GOLD (SPOT) – technical overview
Signs of a potential base off fresh multi-year lows in the previous week, with a stretched market finally deferring to an overdue, healthy recovery. While the broader downtrend remains intact for the moment, a break and daily close back above 1100 will do a good job of alleiviating immediate downside pressure, opening the door for a more meaningful recovery. However, inability to establish above 1100 could open a fresh drop below 1046 and towards the major psychological barrier at 1000.
GOLD (SPOT) – fundamental overview
Despite the US Dollar in strong demand as the Fed prepares for liftoff, GOLD is finding formidable support into this latest dip, given the struggling global economy and uncertainty in the air, particularly now that accommodative central bank policies are so extended and additional stimulatory options are limited. Longer term macro players have also been accumulating the metal as a hedge against an overinflated equity market that could be on the verge of a major capitulation. This has helped GOLD stay somewhat supported, despite broader weakness in the commodity sector. Dealers now cite sell-stops below 1040 and buy stops above 1100.
Feature – technical overview
USDZAR has broken to yet another fresh record high, with the market taking out the previous peak, opening the door for the next major upside extension. From here, look for the rally to extend towards psychological barriers at 15.5000 in the sessions ahead, while any setbacks should be very well supported ahead of 13.8920. Ultimately however, only back below 13.0120 would negate the highly constructive outlook.
Feature – fundamental overview
When your currency is already making record lows, it’s never helpful to sack your finance minister, which is exactly what President Zuma did on Wednesday. The news caught markets off guard and easily offset any positives from the better than expected South Africa retail sales showing and as expected inflation readings.
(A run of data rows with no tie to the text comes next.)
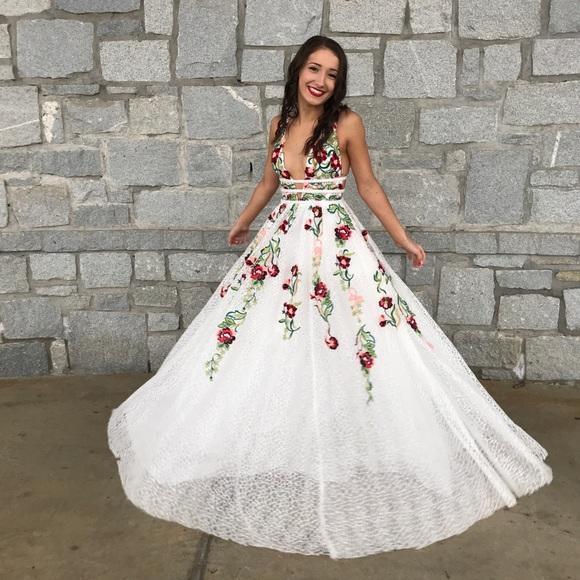 Elegant V-Neck Floral Embroidery Open Back Flower Prom Dresses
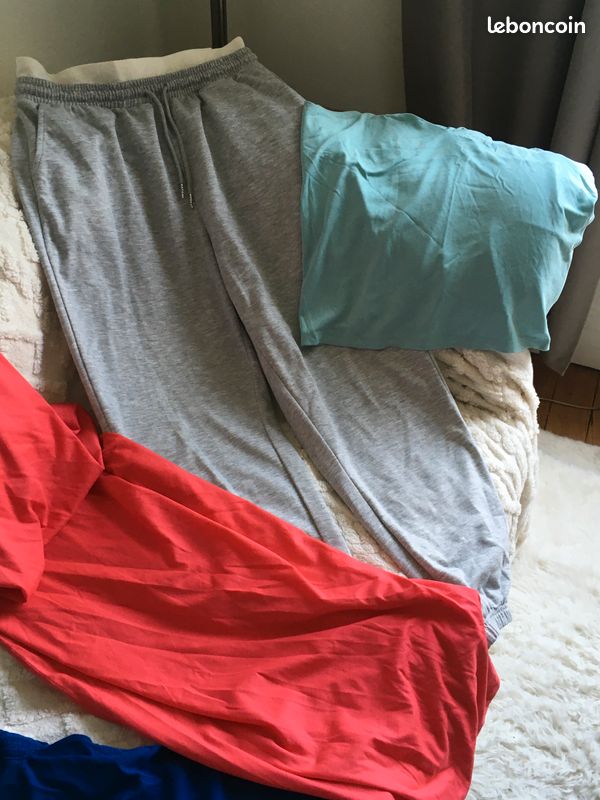 Lot de 7 vêtements et accessoires femme – taille 42 – avec robe jupe et pantalon – bon état (image 2)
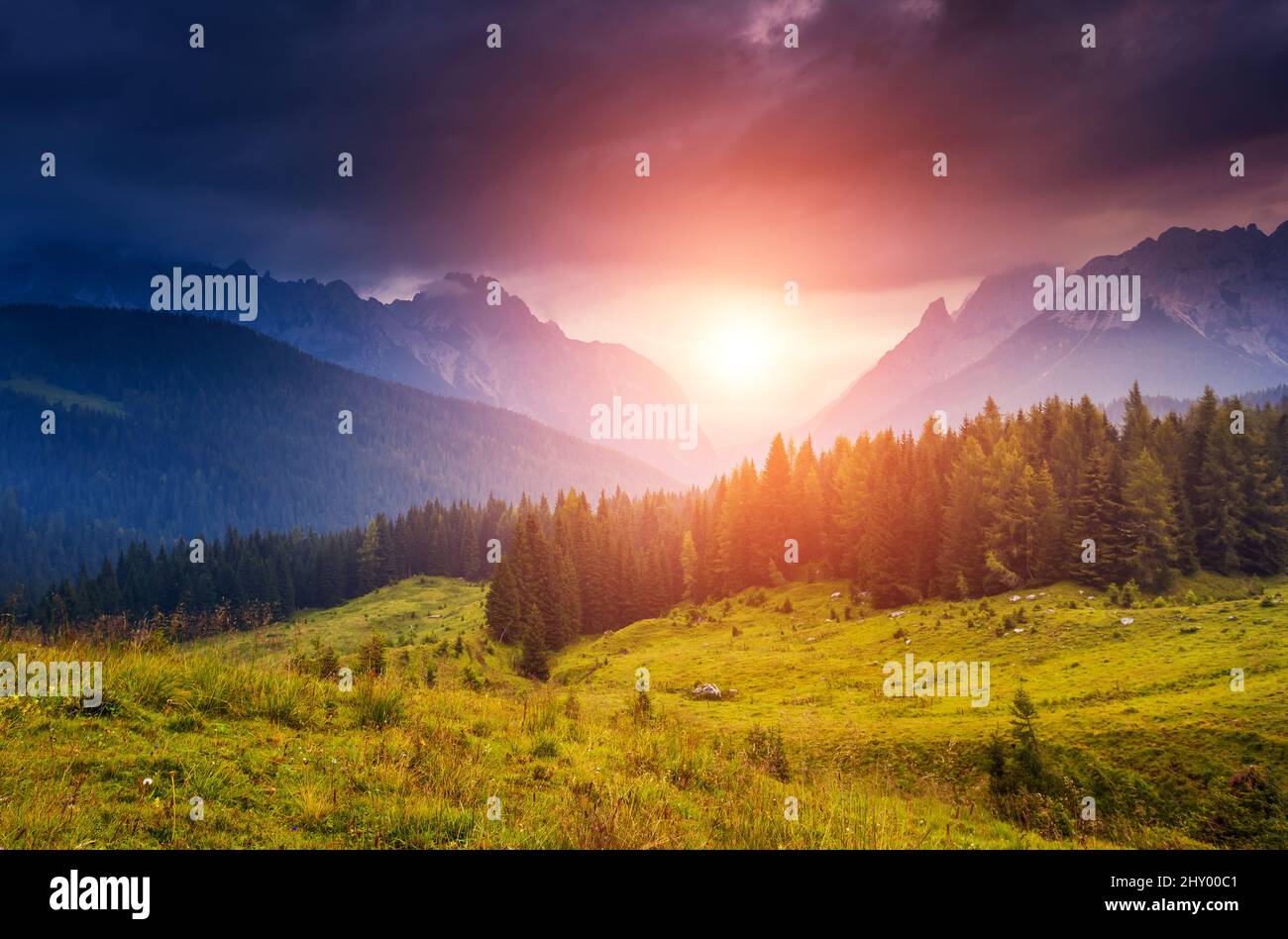 Splendida vista sulla vetta della nebbia Cresta di Enghe a Sappada. Dolomiti Pesarine, Alto Adige. Ubicazione Sauris di sotto, Italia, Europa. Incredibile Foto Stock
This, along with a fresh wave of liquidation in global equities, triggered a surge in USDZAR through major psychological barriers at 15.00. USDZAR already posted a fresh record high earlier in the week on news from the SARB that South Africans were moving assets out of the country at the fastest rate ever. Clearly, it’s going to take a lot more from the SARB and local economy if the currency wants to truly avoid further record low declines. The combination of rising South African inflation, a struggling economy, declining commodities prices, rating agency downgrades and Federal Reserve on the verge of raising rates, is not a pretty combination for the Rand, and this should continue to pressure the emerging market currency.